Oggi parliamo della nostra famiglia, il resto per un giorno può attendere, perché la notizia l'abbiamo in casa. E purtroppo non è una bella notizia. Ieri ci ha lasciato Paolo Granzotto, una delle firme più prestigiose del nostro Giornale, forse la più amata dalla maggior parte di voi che da quarant'anni ci seguite con passione e affetto. Paolo aveva 76 anni, da qualche tempo era acciaccato come capita a chi ha vissuto fino in fondo, ma non immaginavamo potesse farci questo scherzo senza neppure un piccolo preavviso. Venerdì sera, puntuale come sempre, è arrivato in redazione via email il suo «Angolo», la rubrica quotidiana che dava la rotta alla pagina del dialogo con i lettori. Poi il silenzio, e quando abbiamo capito cosa stesse succedendo, ormai era già troppo tardi per un ultimo saluto.
Del resto lui nella vita era così, fermo nelle idee ma discreto, mai sopra le righe, sempre lontano dai riflettori, quasi schivo. Figlio d'arte, pupillo di Montanelli, ha servito Il Giornale come un soldato: cronista, inviato di guerra, vicedirettore, polemista sferzante, sapeva usare con eleganza tutta la tastiera del giornalismo. Personalmente gli devo molto, fu lui a innescare la mia fortunata carriera assumendomi nel 1986 una prima volta al Giornale dopo che casualmente ci eravamo trovati a lavorare insieme - lui già grande inviato, io ragazzo di bottega - sul fronte della guerra civile libanese.
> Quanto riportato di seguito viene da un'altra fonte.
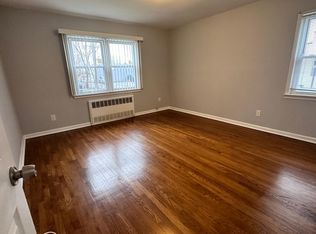 924 Rockaway Ave, Valley Stream, NY 11581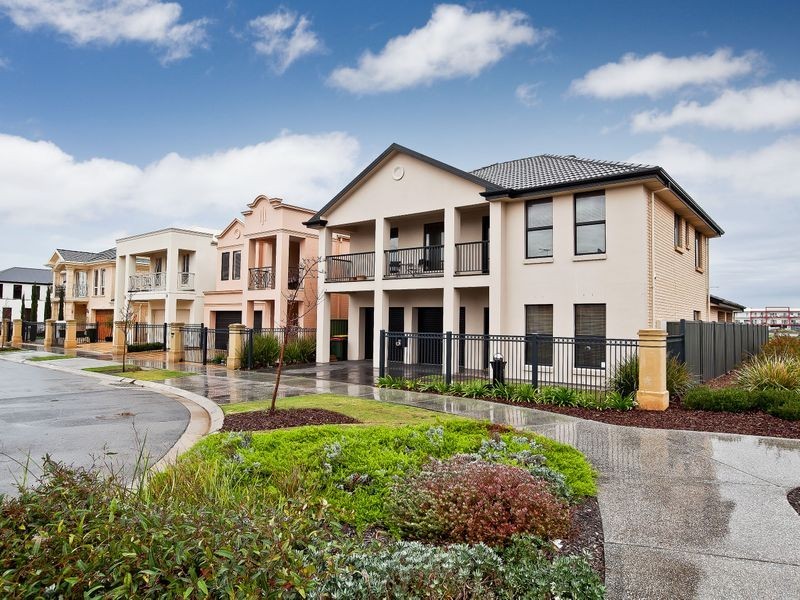 85 Isla Circuit, Mawson Lakes SA 5095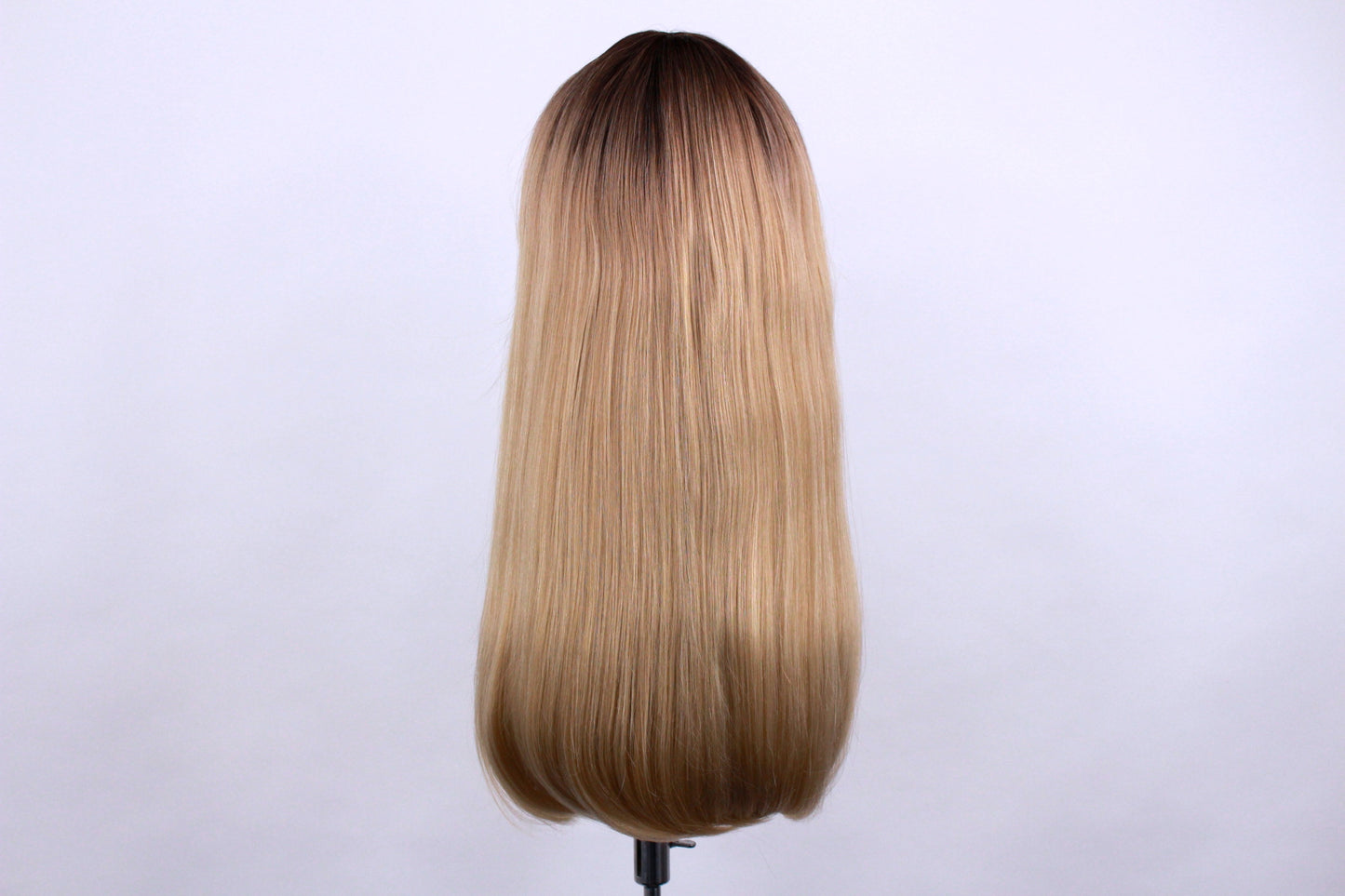 Regina- Rooted Champagne Blonde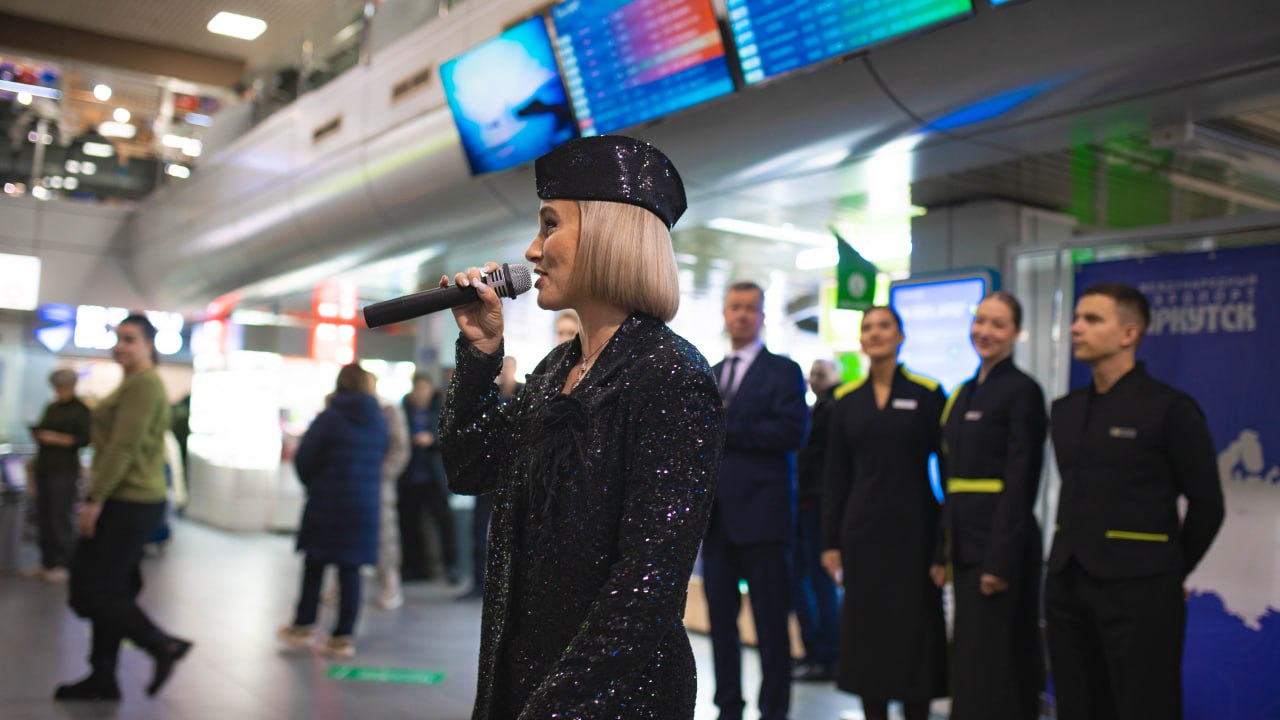 За 100 лет аэропорт Иркутска впервые встретил 4 миллионного пассажира 26 декабря в воздушной гавани столицы Приангарья состоялось по настоящему историческое событие встреча 4 миллионного пассажира Таким образом был установлен рекорд пассажиропотока за всю 100 летнюю историю авиаузла Юбилейным пассажиром стала Наталья Б которая вместе с младшим сыном Филиппом следовала рейсом по маршруту Иркутск Москва Женщина является многодетной мамой Со своим сыном она решила отправиться в Москву на новогодние праздники   IrkutskMedia теперь в МАX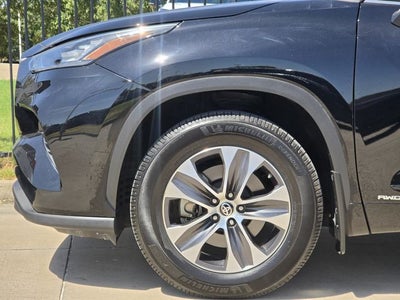 2020 Toyota Highlander Hybrid XLE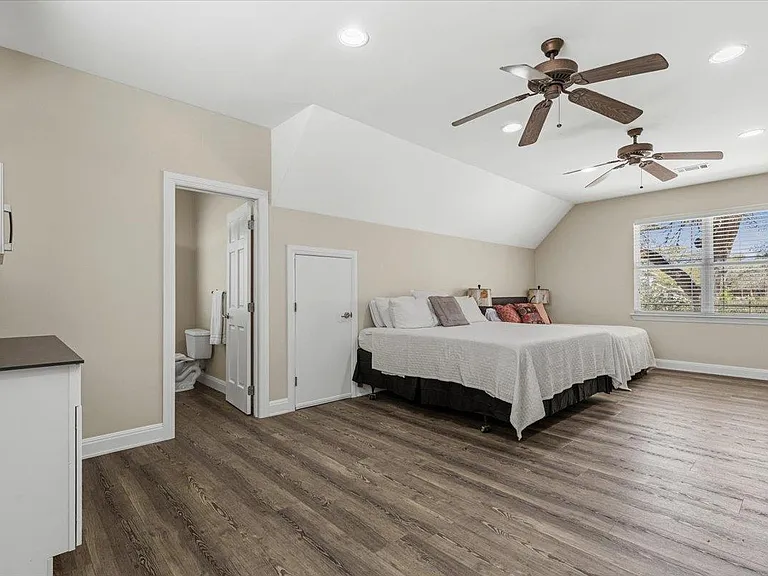 25207 Lake View Dr — Photo 22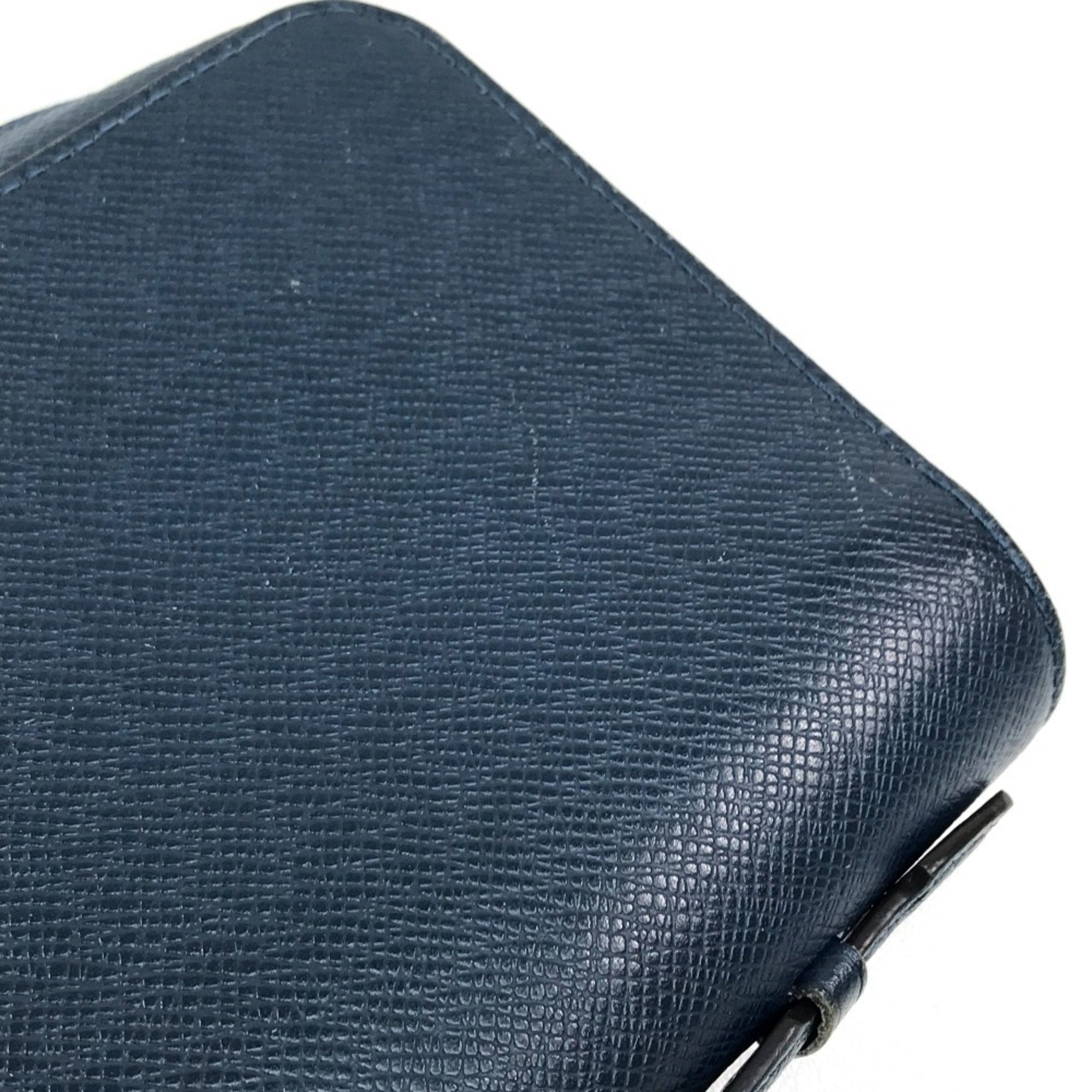 Louis Vuitton Taiga Blue Ocean Taiga Leather Long Wallet (Bi-Fold) (Pre-Owned)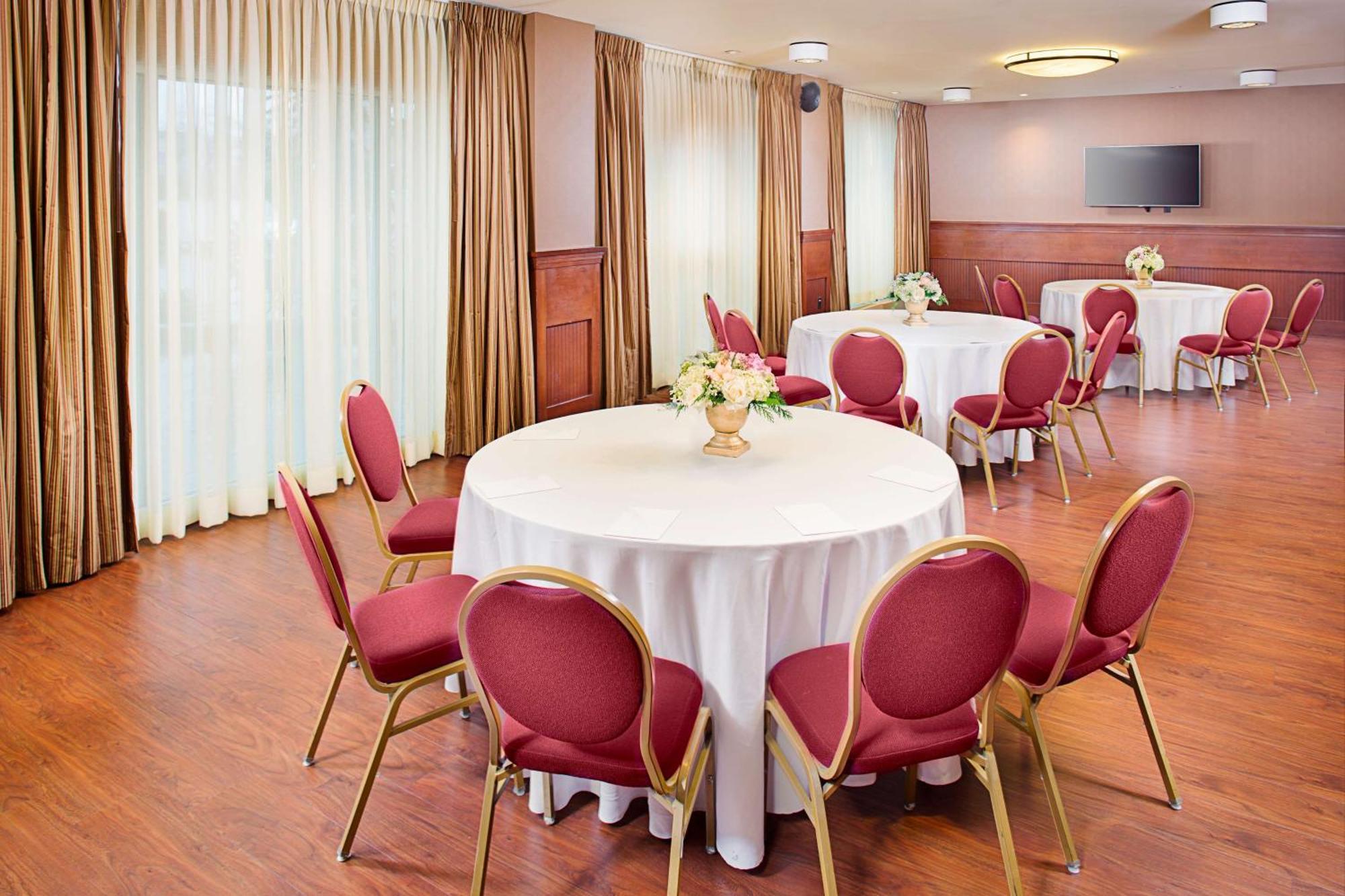 ฮิลตัน โพรวิเดนซ์ Hotel ภายนอก รูปภาพ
Ma non sono l'unico ad essere in debito professionale ed umano con Paolo.
Così, insieme ai colleghi, e certi di interpretare l'abbraccio dei suoi lettori, abbiamo pensato di fare uno strappo alla regola e ricordarlo qui, nella colonna più nobile del suo Giornale: l'onore delle armi a uno degli ultimi ufficiali gentiluomini del giornalismo italiano.